* _ACTION ITEM_: Print out the entries that follow exactly, missing none.

* _SUPPLIED DATA_:
----

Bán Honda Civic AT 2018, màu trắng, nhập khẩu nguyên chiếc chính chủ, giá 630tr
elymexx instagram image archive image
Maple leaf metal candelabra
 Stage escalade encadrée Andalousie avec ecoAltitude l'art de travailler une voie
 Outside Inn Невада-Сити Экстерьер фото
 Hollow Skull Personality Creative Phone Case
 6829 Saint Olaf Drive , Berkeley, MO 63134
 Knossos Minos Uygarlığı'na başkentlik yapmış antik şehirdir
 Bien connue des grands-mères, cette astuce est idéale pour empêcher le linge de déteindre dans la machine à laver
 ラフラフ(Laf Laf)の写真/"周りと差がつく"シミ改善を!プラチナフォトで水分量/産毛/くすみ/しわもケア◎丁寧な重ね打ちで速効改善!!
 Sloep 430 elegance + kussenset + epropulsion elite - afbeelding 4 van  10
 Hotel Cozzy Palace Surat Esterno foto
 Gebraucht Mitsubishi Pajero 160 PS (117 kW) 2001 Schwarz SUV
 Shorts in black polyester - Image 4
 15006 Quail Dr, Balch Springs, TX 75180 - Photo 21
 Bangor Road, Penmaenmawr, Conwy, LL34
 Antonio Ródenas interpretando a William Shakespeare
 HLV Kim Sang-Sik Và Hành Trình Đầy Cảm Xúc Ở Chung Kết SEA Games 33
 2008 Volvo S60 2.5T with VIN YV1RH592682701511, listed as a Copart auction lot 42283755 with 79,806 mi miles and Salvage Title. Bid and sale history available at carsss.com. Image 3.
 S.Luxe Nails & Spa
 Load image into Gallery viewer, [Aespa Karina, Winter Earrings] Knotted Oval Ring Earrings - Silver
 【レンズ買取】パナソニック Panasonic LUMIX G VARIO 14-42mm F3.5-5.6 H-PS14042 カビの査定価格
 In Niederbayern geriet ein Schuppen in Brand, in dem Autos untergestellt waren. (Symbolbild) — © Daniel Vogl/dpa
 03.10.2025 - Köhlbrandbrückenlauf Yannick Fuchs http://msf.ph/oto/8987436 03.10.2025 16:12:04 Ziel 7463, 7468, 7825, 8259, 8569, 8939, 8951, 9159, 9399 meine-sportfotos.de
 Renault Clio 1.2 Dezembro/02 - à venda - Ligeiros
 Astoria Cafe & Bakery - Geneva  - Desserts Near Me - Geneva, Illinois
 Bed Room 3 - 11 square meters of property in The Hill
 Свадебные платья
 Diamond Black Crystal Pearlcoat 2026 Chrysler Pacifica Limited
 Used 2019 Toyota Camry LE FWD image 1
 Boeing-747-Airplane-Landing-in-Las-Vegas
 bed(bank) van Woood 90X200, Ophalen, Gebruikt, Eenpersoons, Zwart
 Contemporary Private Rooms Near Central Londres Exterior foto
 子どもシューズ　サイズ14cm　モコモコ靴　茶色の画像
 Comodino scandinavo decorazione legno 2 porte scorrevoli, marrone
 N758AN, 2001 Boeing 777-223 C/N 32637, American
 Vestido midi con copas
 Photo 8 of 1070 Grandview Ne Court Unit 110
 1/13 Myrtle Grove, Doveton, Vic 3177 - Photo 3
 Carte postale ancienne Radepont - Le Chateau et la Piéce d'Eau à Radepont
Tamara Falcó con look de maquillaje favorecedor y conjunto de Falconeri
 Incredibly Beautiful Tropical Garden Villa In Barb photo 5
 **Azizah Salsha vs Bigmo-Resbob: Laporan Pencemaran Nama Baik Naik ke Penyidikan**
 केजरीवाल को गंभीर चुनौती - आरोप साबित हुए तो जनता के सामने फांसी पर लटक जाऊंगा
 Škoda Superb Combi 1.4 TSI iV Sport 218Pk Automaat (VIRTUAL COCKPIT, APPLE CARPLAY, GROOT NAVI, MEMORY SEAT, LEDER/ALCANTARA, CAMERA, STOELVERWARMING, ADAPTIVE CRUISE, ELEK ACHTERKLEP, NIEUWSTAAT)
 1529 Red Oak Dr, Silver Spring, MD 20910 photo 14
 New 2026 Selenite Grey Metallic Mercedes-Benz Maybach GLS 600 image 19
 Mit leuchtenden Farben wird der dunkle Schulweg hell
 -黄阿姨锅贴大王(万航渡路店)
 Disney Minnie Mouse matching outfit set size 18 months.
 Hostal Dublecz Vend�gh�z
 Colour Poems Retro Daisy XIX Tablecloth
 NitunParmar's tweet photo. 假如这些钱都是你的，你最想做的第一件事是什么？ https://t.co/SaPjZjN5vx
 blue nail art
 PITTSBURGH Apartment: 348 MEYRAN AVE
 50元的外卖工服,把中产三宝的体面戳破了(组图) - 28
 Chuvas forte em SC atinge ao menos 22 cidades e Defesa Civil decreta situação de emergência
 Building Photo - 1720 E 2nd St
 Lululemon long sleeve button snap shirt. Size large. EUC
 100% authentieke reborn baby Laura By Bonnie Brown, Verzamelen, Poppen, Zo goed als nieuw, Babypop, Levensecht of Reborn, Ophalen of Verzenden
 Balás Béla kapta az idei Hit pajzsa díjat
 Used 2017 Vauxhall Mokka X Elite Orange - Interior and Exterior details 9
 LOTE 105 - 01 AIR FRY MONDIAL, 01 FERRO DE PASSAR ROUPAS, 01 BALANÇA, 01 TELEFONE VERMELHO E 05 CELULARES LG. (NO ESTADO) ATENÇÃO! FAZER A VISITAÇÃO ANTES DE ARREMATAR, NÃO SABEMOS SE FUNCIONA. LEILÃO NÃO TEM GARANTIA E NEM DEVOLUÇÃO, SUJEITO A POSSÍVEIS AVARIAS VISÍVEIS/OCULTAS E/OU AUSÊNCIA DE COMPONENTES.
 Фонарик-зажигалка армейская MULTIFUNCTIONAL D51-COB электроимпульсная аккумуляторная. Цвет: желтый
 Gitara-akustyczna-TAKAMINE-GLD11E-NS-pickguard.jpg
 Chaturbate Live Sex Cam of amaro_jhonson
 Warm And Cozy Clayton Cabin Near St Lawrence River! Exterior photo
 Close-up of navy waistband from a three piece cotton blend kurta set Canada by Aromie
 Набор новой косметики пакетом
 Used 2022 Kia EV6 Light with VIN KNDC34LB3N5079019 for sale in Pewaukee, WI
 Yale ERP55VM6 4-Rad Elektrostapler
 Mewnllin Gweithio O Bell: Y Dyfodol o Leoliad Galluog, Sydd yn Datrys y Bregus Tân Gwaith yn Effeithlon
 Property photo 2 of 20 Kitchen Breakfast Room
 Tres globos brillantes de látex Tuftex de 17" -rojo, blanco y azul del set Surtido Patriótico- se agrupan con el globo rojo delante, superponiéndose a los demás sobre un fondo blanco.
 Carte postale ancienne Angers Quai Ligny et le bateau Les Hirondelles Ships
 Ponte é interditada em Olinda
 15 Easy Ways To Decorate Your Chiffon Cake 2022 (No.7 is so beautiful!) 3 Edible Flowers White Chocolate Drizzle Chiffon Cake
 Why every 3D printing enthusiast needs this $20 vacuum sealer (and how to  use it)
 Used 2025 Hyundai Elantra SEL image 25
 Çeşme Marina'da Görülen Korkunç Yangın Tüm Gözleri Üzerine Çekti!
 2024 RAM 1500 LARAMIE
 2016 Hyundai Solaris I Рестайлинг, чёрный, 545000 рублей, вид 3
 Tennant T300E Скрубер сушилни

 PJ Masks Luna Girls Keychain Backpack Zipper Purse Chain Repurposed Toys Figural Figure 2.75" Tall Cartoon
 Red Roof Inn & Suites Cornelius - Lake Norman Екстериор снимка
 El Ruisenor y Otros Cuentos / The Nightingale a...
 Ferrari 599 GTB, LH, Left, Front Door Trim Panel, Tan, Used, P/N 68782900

----

* _ANSWER BOX_:
Bán Honda Civic AT 2018, màu trắng, nhập khẩu nguyên chiếc chính chủ, giá 630tr
elymexx instagram image archive image
Maple leaf metal candelabra
 Stage escalade encadrée Andalousie avec ecoAltitude l'art de travailler une voie
 Outside Inn Невада-Сити Экстерьер фото
 Hollow Skull Personality Creative Phone Case
 6829 Saint Olaf Drive , Berkeley, MO 63134
 Knossos Minos Uygarlığı'na başkentlik yapmış antik şehirdir
 Bien connue des grands-mères, cette astuce est idéale pour empêcher le linge de déteindre dans la machine à laver
 ラフラフ(Laf Laf)の写真/"周りと差がつく"シミ改善を!プラチナフォトで水分量/産毛/くすみ/しわもケア◎丁寧な重ね打ちで速効改善!!
 Sloep 430 elegance + kussenset + epropulsion elite - afbeelding 4 van  10
 Hotel Cozzy Palace Surat Esterno foto
 Gebraucht Mitsubishi Pajero 160 PS (117 kW) 2001 Schwarz SUV
 Shorts in black polyester - Image 4
 15006 Quail Dr, Balch Springs, TX 75180 - Photo 21
 Bangor Road, Penmaenmawr, Conwy, LL34
 Antonio Ródenas interpretando a William Shakespeare
 HLV Kim Sang-Sik Và Hành Trình Đầy Cảm Xúc Ở Chung Kết SEA Games 33
 2008 Volvo S60 2.5T with VIN YV1RH592682701511, listed as a Copart auction lot 42283755 with 79,806 mi miles and Salvage Title. Bid and sale history available at carsss.com. Image 3.
 S.Luxe Nails & Spa
 Load image into Gallery viewer, [Aespa Karina, Winter Earrings] Knotted Oval Ring Earrings - Silver
 【レンズ買取】パナソニック Panasonic LUMIX G VARIO 14-42mm F3.5-5.6 H-PS14042 カビの査定価格
 In Niederbayern geriet ein Schuppen in Brand, in dem Autos untergestellt waren. (Symbolbild) — © Daniel Vogl/dpa
 03.10.2025 - Köhlbrandbrückenlauf Yannick Fuchs http://msf.ph/oto/8987436 03.10.2025 16:12:04 Ziel 7463, 7468, 7825, 8259, 8569, 8939, 8951, 9159, 9399 meine-sportfotos.de
 Renault Clio 1.2 Dezembro/02 - à venda - Ligeiros
 Astoria Cafe & Bakery - Geneva  - Desserts Near Me - Geneva, Illinois
 Bed Room 3 - 11 square meters of property in The Hill
 Свадебные платья
 Diamond Black Crystal Pearlcoat 2026 Chrysler Pacifica Limited
 Used 2019 Toyota Camry LE FWD image 1
 Boeing-747-Airplane-Landing-in-Las-Vegas
 bed(bank) van Woood 90X200, Ophalen, Gebruikt, Eenpersoons, Zwart
 Contemporary Private Rooms Near Central Londres Exterior foto
 子どもシューズ　サイズ14cm　モコモコ靴　茶色の画像
 Comodino scandinavo decorazione legno 2 porte scorrevoli, marrone
 N758AN, 2001 Boeing 777-223 C/N 32637, American
 Vestido midi con copas
 Photo 8 of 1070 Grandview Ne Court Unit 110
 1/13 Myrtle Grove, Doveton, Vic 3177 - Photo 3
 Carte postale ancienne Radepont - Le Chateau et la Piéce d'Eau à Radepont
Tamara Falcó con look de maquillaje favorecedor y conjunto de Falconeri
 Incredibly Beautiful Tropical Garden Villa In Barb photo 5
 **Azizah Salsha vs Bigmo-Resbob: Laporan Pencemaran Nama Baik Naik ke Penyidikan**
 केजरीवाल को गंभीर चुनौती - आरोप साबित हुए तो जनता के सामने फांसी पर लटक जाऊंगा
 Škoda Superb Combi 1.4 TSI iV Sport 218Pk Automaat (VIRTUAL COCKPIT, APPLE CARPLAY, GROOT NAVI, MEMORY SEAT, LEDER/ALCANTARA, CAMERA, STOELVERWARMING, ADAPTIVE CRUISE, ELEK ACHTERKLEP, NIEUWSTAAT)
 1529 Red Oak Dr, Silver Spring, MD 20910 photo 14
 New 2026 Selenite Grey Metallic Mercedes-Benz Maybach GLS 600 image 19
 Mit leuchtenden Farben wird der dunkle Schulweg hell
 -黄阿姨锅贴大王(万航渡路店)
 Disney Minnie Mouse matching outfit set size 18 months.
 Hostal Dublecz Vend�gh�z
 Colour Poems Retro Daisy XIX Tablecloth
 NitunParmar's tweet photo. 假如这些钱都是你的，你最想做的第一件事是什么？ https://t.co/SaPjZjN5vx
 blue nail art
 PITTSBURGH Apartment: 348 MEYRAN AVE
 50元的外卖工服,把中产三宝的体面戳破了(组图) - 28
 Chuvas forte em SC atinge ao menos 22 cidades e Defesa Civil decreta situação de emergência
 Building Photo - 1720 E 2nd St
 Lululemon long sleeve button snap shirt. Size large. EUC
 100% authentieke reborn baby Laura By Bonnie Brown, Verzamelen, Poppen, Zo goed als nieuw, Babypop, Levensecht of Reborn, Ophalen of Verzenden
 Balás Béla kapta az idei Hit pajzsa díjat
 Used 2017 Vauxhall Mokka X Elite Orange - Interior and Exterior details 9
 LOTE 105 - 01 AIR FRY MONDIAL, 01 FERRO DE PASSAR ROUPAS, 01 BALANÇA, 01 TELEFONE VERMELHO E 05 CELULARES LG. (NO ESTADO) ATENÇÃO! FAZER A VISITAÇÃO ANTES DE ARREMATAR, NÃO SABEMOS SE FUNCIONA. LEILÃO NÃO TEM GARANTIA E NEM DEVOLUÇÃO, SUJEITO A POSSÍVEIS AVARIAS VISÍVEIS/OCULTAS E/OU AUSÊNCIA DE COMPONENTES.
 Фонарик-зажигалка армейская MULTIFUNCTIONAL D51-COB электроимпульсная аккумуляторная. Цвет: желтый
 Gitara-akustyczna-TAKAMINE-GLD11E-NS-pickguard.jpg
 Chaturbate Live Sex Cam of amaro_jhonson
 Warm And Cozy Clayton Cabin Near St Lawrence River! Exterior photo
 Close-up of navy waistband from a three piece cotton blend kurta set Canada by Aromie
 Набор новой косметики пакетом
 Used 2022 Kia EV6 Light with VIN KNDC34LB3N5079019 for sale in Pewaukee, WI
 Yale ERP55VM6 4-Rad Elektrostapler
 Mewnllin Gweithio O Bell: Y Dyfodol o Leoliad Galluog, Sydd yn Datrys y Bregus Tân Gwaith yn Effeithlon
 Property photo 2 of 20 Kitchen Breakfast Room
 Tres globos brillantes de látex Tuftex de 17" -rojo, blanco y azul del set Surtido Patriótico- se agrupan con el globo rojo delante, superponiéndose a los demás sobre un fondo blanco.
 Carte postale ancienne Angers Quai Ligny et le bateau Les Hirondelles Ships
 Ponte é interditada em Olinda
 15 Easy Ways To Decorate Your Chiffon Cake 2022 (No.7 is so beautiful!) 3 Edible Flowers White Chocolate Drizzle Chiffon Cake
 Why every 3D printing enthusiast needs this $20 vacuum sealer (and how to  use it)
 Used 2025 Hyundai Elantra SEL image 25
 Çeşme Marina'da Görülen Korkunç Yangın Tüm Gözleri Üzerine Çekti!
 2024 RAM 1500 LARAMIE
 2016 Hyundai Solaris I Рестайлинг, чёрный, 545000 рублей, вид 3
 Tennant T300E Скрубер сушилни

 PJ Masks Luna Girls Keychain Backpack Zipper Purse Chain Repurposed Toys Figural Figure 2.75" Tall Cartoon
 Red Roof Inn & Suites Cornelius - Lake Norman Екстериор снимка
 El Ruisenor y Otros Cuentos / The Nightingale a...
 Ferrari 599 GTB, LH, Left, Front Door Trim Panel, Tan, Used, P/N 68782900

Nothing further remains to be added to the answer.